Rien de très original en somme. On préfère avoir sous les yeux les fesses bombées d’Ottey que le cul de Marie-Christine Boutin. On se rappelle même s’être masturbé devant un match d’Hingis du temps de sa splendeur de petite peste bien foutue. La vraie question est plutôt : est-ce que Hingis m’exciterait autant si je la croisais dans la rue ou est-ce que, la posture sportive crée une plus-value érotique ? À priori l’inverse semble plus viable. Je préfère Hingis en culotte alanguie sur un lit que grimaçant pour réaliser un coup droit lifté, même en jupette. Même lorsqu’il vise la grâce (gym au sol, plongeon, etc), le sport balise une zone neutre de la vie érotique, où le corps n’est plus que muscles, puissance, forme, lignes. D’où qu’une fille soit particulièrement érotique lorsqu’elle loupe, lorsque son corps ne coïncide pas avec sa perfection glaçante. Au foot rien de plus bandant qu’un gros pointard de fille, au foot, rien de plus bandant. À ce moment, la vibration érotique d’un corps, par ailleurs recouverte par la beauté du geste, se rappelle à l’observateur.

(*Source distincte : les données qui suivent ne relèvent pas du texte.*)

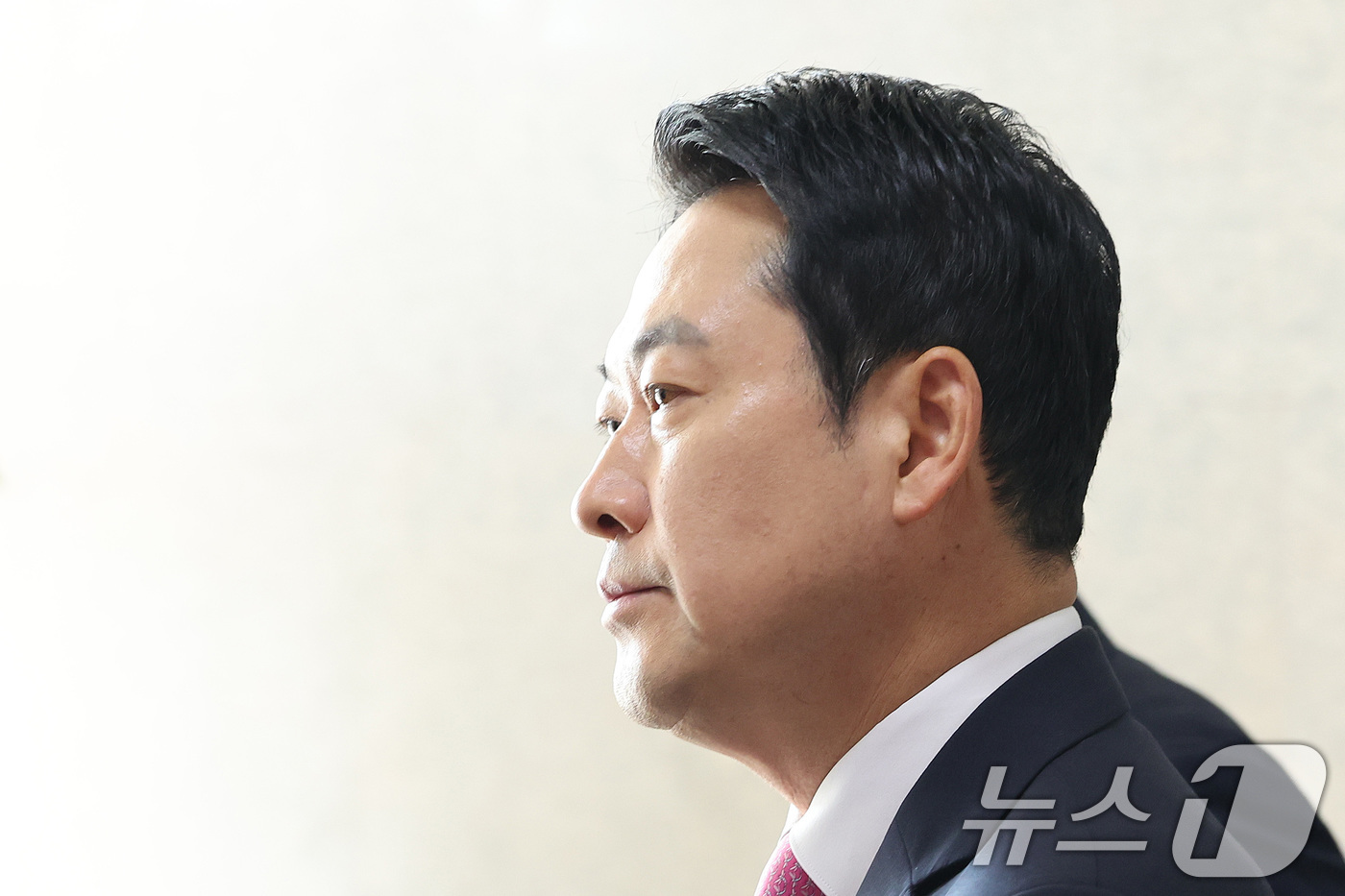 (서울=뉴스1) 신웅수 기자 = 장동혁 국민의힘 대표가 13일 서울 여의도 국회에서 열린 비공개 최고위원회의에 참석하고 있다.이날 국민의힘 최고위는 장 대표의 2선 후퇴와 대통합 …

Cependant la désérotisation induite par la perfection sportive peut provoquer, en son creux, une excitation particulière. Quelque chose qui aurait avoir avec l’air de pas y toucher. Une basketteuse évacue l’existence de son vagin au moment où elle joue, mais alors le sentiment que le vagin persiste, bien que nié, qui provoque une déflagration érotique assez proche de celle qui naît de la manifestation du désirable par sa dissimulation. La façon qu’avait Hingis de ne pas penser à ses petits seins qui ballotaient faisait qu’on ne voyait qu’eux, qu’on ne les voyait jamais aussi bien qu’à ce moment –plaisir en somme de les regarder presque à son insu. Sans compter que cette façon d’être complètement requise par le match excitait bien sûr en moi le mâle soucieux d’attirer l’attention sur lui. Or Martina ne répondit à aucune de mes lettres, cette petite pute.

SAUVER STÉPHANIE

En quatrième je me pique d’être bon au basket. Je ne le pratique pas en club, raison de plus pour m’investir à fond dans les matchs de dix minutes du cours d’EPS. Hélas les équipes sont formées par le prof, selon un savant et péniblement égalitaire dosage bons-mauvais, dominants-dominés. Dans chacune figurent un mec pale et malingre qu’en 84 on ne nomme pas encore nerd et une fille boulet. Moi dans l’équipe dont je me bombarde capitaine -foulards jaunes-, j’ai à me coltiner Stéphanie Demoureaux.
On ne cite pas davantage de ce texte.